Pour leur première Coupe du monde FIBA U17, les Lionceaux du Cameroun font face à un défi titanesque. Au-delà de l’apprentissage technique et de la défaite face à la Chine, la sélection subit une rude épreuve physique et mentale, entre fatigue, chocs et protocoles de haute performance.

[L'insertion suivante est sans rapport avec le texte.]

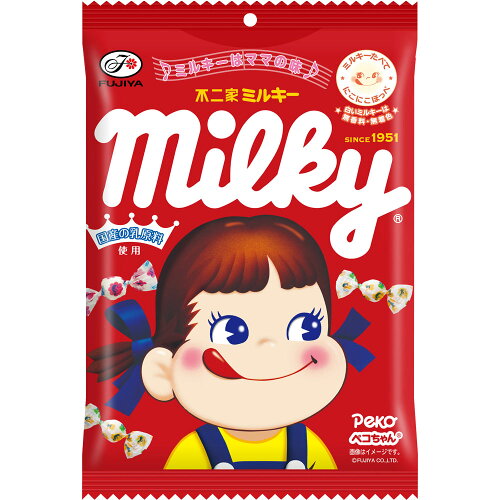 不二家 Milky 牛奶糖 袋裝 100g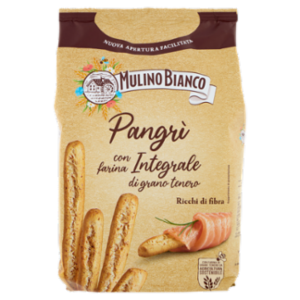 Mulino Bianco Pangrì Grissini Integrali Con Nuova Apertura Facilitata 250g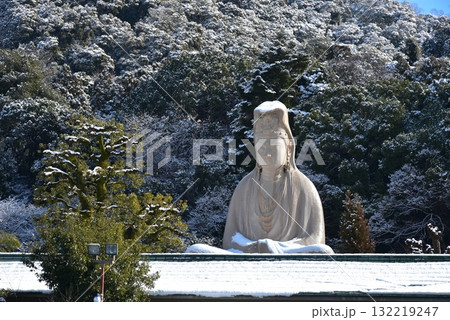 雪の霊山観音 132219247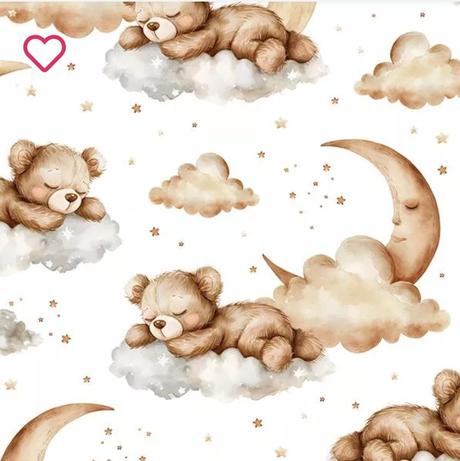 Pyžamo labute, 80 - 134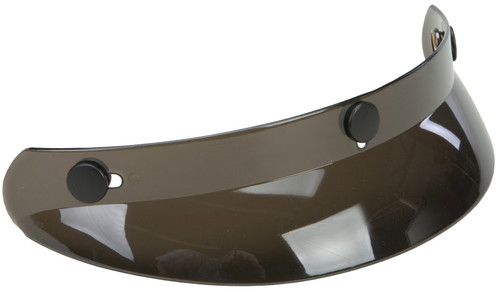 GMAX GM35 Helmet 3-Snap Bubble Visor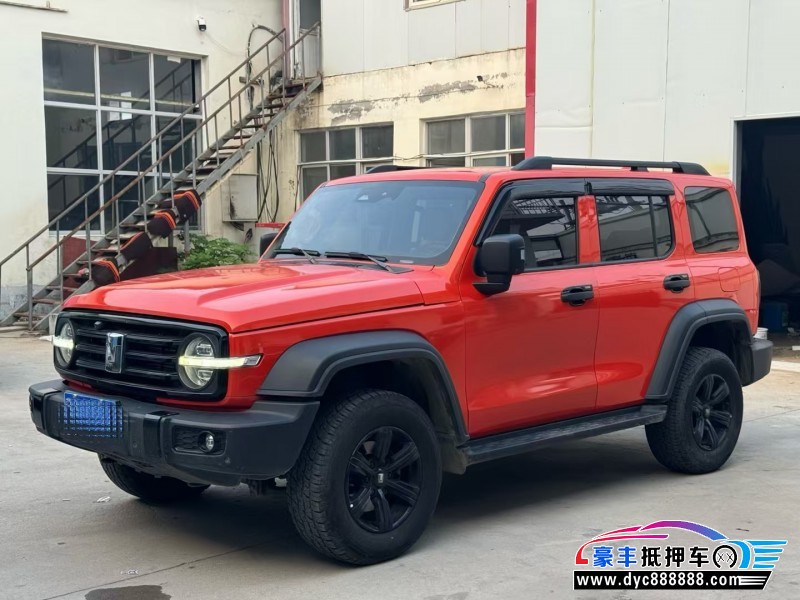 22年WEY坦克300SUV抵押车出售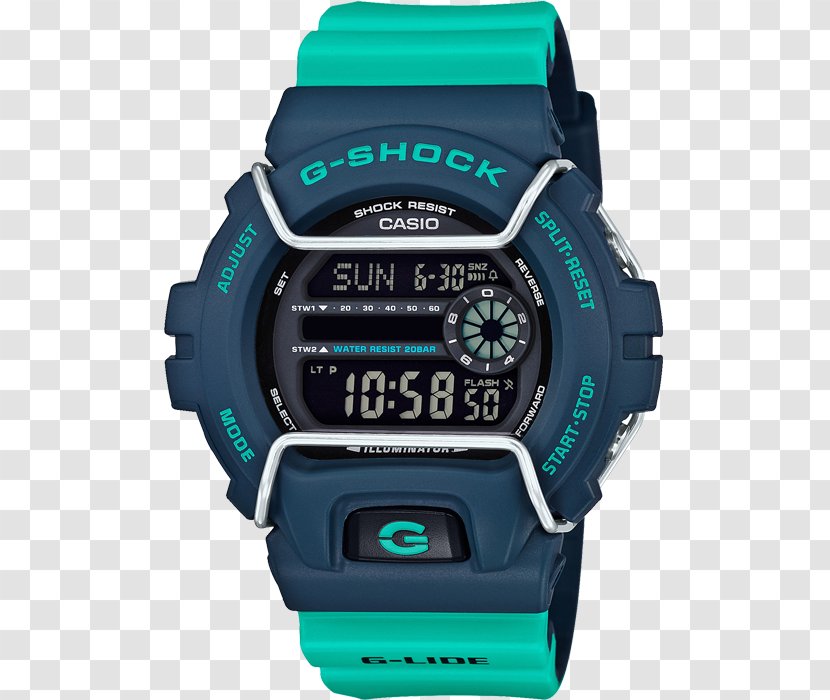 G-Shock Shock-resistant Watch Casio Water Resistant Mark - Strap Transparent PNG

Pour sa toute première participation historique à la Coupe du Monde FIBA U17, le Cameroun espérait un conte de fées sur les parquets d’Istanbul. Si l’apprentissage technique est rude à l’instar de la défaite inaugurale face à la Chine (72-90), c’est en coulisses, sur le plan de la gestion sanitaire et de l’intégrité physique, que le défi s’avère le plus titanesque pour la délégation camerounaise. Entre épuisement des organismes et gestion des protocoles de haute performance, les Lionceaux découvrent la dure réalité du sport de l’élite mondiale.

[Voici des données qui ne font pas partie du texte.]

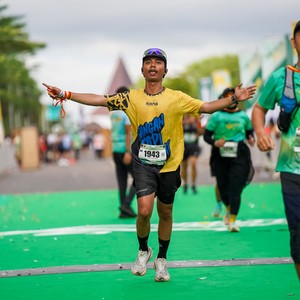 Race photo from ARUTMIN BORNEO RUN 2025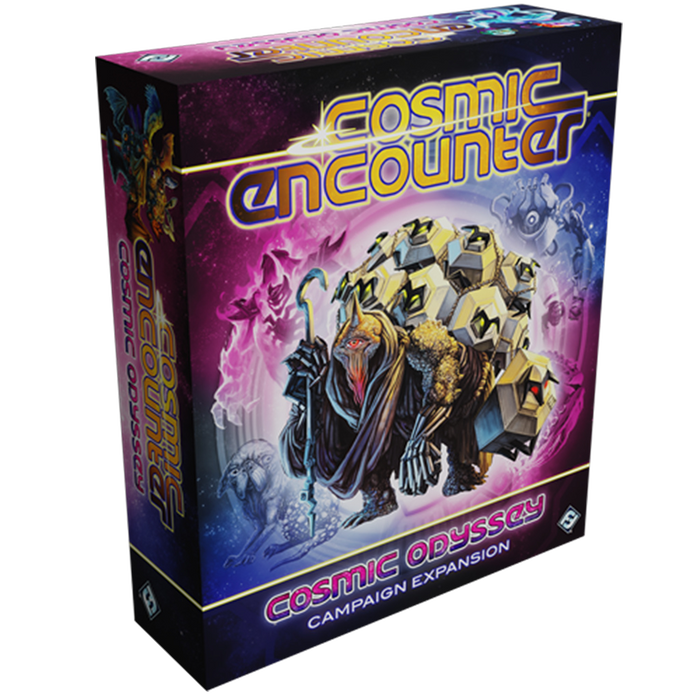 Cosmic Encounter - Cosmic Odyssey Campaign Expansion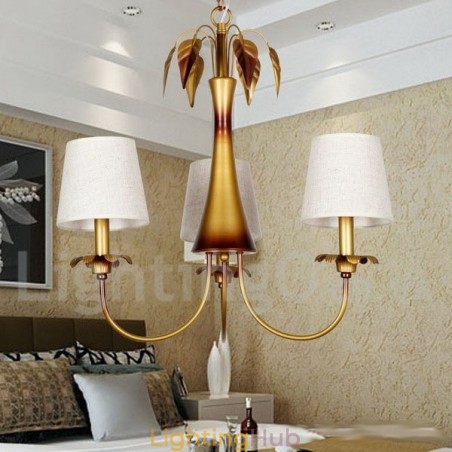 3 Light Modern Contemporary Rustic Candle Style Chandelier 3 Light Modern Contemporary Rustic Candle Style Chandelier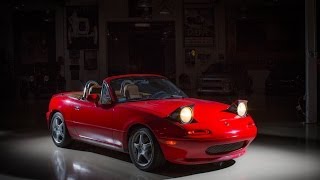 25 Years of Miata  Jay Lenos Garage [upl. by Veejar905]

Un calendrier de préparation gourmand en énergie
Arrivés en Turquie dès le 10 juin pour un stage bloqué de deux semaines, les jeunes Camerounais ont dû immédiatement s’adapter aux exigences climatiques et structurelles d’Istanbul. Sous la houlette du sélectionneur Parfait Bitee Moto, le staff médical a fait face à une première urgence : la régulation de la fatigue accumulée. Le groupe, composé en grande partie de boursiers et d’expatriés venant des championnats canadien, français ou sénégalais, a dû composer avec les contrecoups physiques du décalage horaire et de longs trajets aériens.

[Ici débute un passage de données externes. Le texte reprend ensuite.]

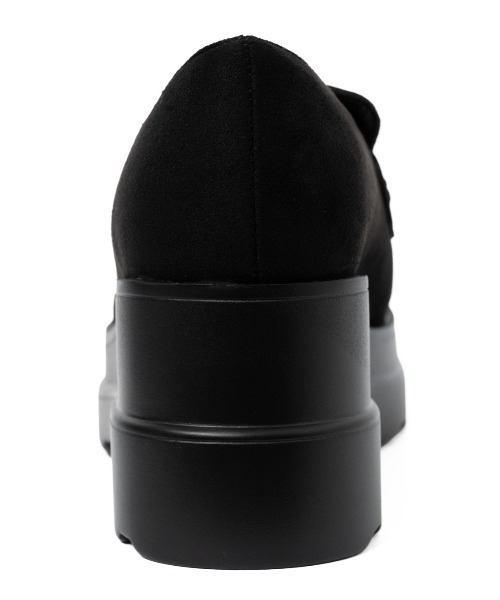 REZOY(リゾイ)の「【2026AW新作】【REZOY】ゴールドビットダブルソール厚底ローファー(ローファー・レディース・ブラック系その他/ブラック/ブラウン系その他・S/M/L/LL)」の12枚目の写真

Pour une équipe d’adolescents (moins de 17 ans), la transition biologique ne se fait pas sans heurts. Les premières séances d’entraînement ont été marquées par des micro-lésions musculaires et une fatigue nerveuse que le staff médical a dû traiter dans l’urgence afin d’éviter les forfaits avant même le coup d’envoi.
L’épreuve des chocs et l’exigence du protocole FIBA
Le véritable révélateur sanitaire est survenu lors de la série de matchs amicaux intensifs (Turquie, Venezuela, Nouvelle-Zélande) disputés juste avant le tournoi. Face à des gabarits plus massifs et des rythmes de jeu hyper-rapides, les corps des Lionceaux ont grincé. Les traumatismes articulaires, les béquilles et les entorses légères sont devenus le quotidien de l’infirmerie.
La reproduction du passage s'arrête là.